Felt lights, by Snarkitecture and The Woolmark Company
Mathematician and science writer Martin Gardner described Lewis Carroll's The Hunting of the Snark as an 'impossible voyage of an improbable crew to find an inconceivable creature' in his 1974 treatise The Annotated Snark. Full of Boojums and Bandersnatches, the nonsense poem is an exploration of the inadequacy of language, meaning and symbols, and features a crew using a blank piece of paper as a map.
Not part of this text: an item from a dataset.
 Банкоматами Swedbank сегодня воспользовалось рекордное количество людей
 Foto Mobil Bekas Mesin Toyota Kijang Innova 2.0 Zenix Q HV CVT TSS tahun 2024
This is the territory into which the artist Daniel Arsham and architect Alex Mustonen have placed their work by naming their art and design studio Snarkitecture. 'The Hunting of the Snark tells the story of these misfits who are on a misguided search,' explain the pair. 'They set out into the ocean with a blank map, searching for this ineffable, unknown thing.' (The first edition of The Hunting of the Snark in 1876 also contained one of the first printed appearances of 'thingumajig', a word invaluable to those working at the wilder edges of the design world.)
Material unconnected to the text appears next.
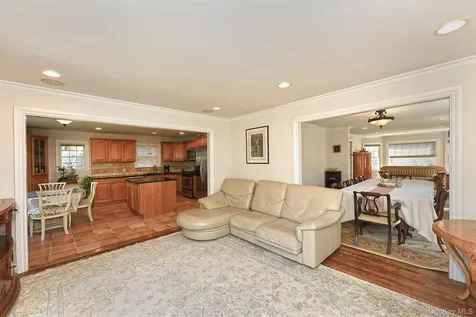 13 Sheppard Street Glen Head NY 11545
Snarkitecture is, the pair say, a collaboration operating in territories between the disciplines of art and architecture. They met while studying at Cooper Union and have collaborated since at their Brooklyn studio. Their challenging projects and installations have included an exhibition at Miami's Volume Gallery, 'Funiture', which featured seemingly broken or falling apart furniture that was actually functional.
'We focus on the investigation of structure, material and programme and how these elements can be manipulated to serve new and imaginative purposes,' says Arsham. 'Snarkitecture aims to make architecture perform the unexpected.'
Wallpaper* paired a number of designers, including Snarkitecture, with wool from The Woolmark Company for our Wallpaper* Handmade exhibition, safe in the knowledge that they would all interpret the brief in radically different ways. We were not disappointed (see image gallery above). For their project, Arsham and Mustonen created a series of light fixtures made by stacking layers of thick wool felt to build up forms that recall familiar pendants. From the outside, the fixtures appear whole, while from the inside, excavations can be seen, cut into the interior to create a contoured landscape with a light at the end of it.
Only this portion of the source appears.